Cette déclaration provocatrice, anti-occidentale et anti-européenne, est aujourd'hui le fondement de la politique de Recep Erdogan. C’est une façon de chercher à mobiliser sa base électorale islamo-conservatrice, à travers l’exaltation du passé grandiose de l’empire ottoman, dont il serait le fidèle héritier.
La confrontation systématique d'Erdogan
Il s'agit là d'une de ses uniques chances de se maintenir au pouvoir après 17 ans de règne sans partage et des résultats économiques plutôt moyens, voire navrants. Ce n’est absolument pas un hasard si cette déclaration a été faite mercredi matin.
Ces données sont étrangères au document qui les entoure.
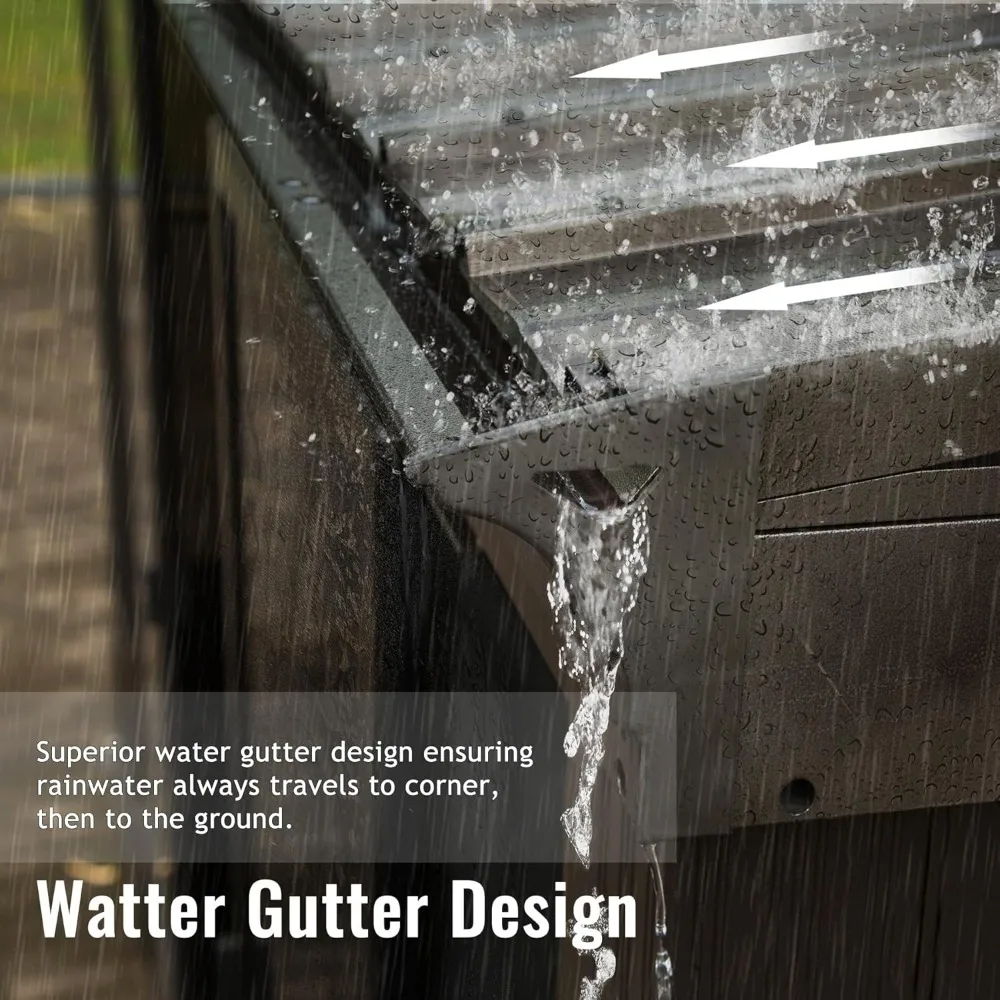 Slide image 7dd5b658f14e40008682d02df46018a1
C'est l’anniversaire d’une bataille qui a eu lieu en Anatolie, en 1071, il y a bientôt 950 ans. Elle marque la victoire du sultan seldjoukide, donc des Turcs, sur l’empereur de Byzance, donc les Grecs.
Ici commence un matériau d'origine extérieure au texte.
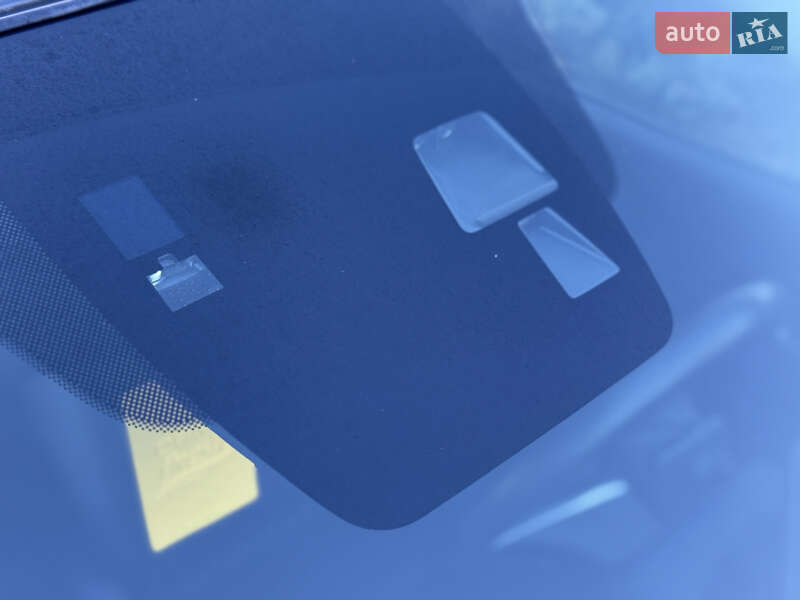 Внедорожник / Кроссовер Mazda CX-3 2016 в Одессе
À nos yeux, cela peut paraître totalement ridicule mais Erdogan construit pièce par pièce une diplomatie de confrontation systématique avec l’Europe. Que ce soit au niveau symbolique, avec la reconversion de l’église Sainte-Sophie en mosquée ou sur le terrain stratégique avec cette campagne navale d’intimidation qui vise à transformer la Méditerranée en mer intérieure turque.
Une déclaration problématique de Berlin ?
L'Allemagne appelle à une reprise immédiate du dialogue, car elle estime que le Turquie et la Grèce sont "au bord du précipice et pourraient y tomber". Cela pose un problème : on a l’impression que par peur de la confrontation, Berlin renvoie Ankara et Athènes dos-à-dos, alors qu’il y a quand même un agresseur et un agressé.
Or, c’est le type de réaction qui fait complètement le jeu d’Erdogan. La Turquie s’en prend tout particulièrement à l’Europe, car elle la sait politiquement faible, voire craintive. Le seul moyen de mettre un coup d’arrêt aux rodomontades ottomanes d’Erdogan est de montrer une solidarité européenne sans faille. C'est le sens des manœuvres navales que la France et l’Italie organisent en ce moment même avec la Grèce et Chypre.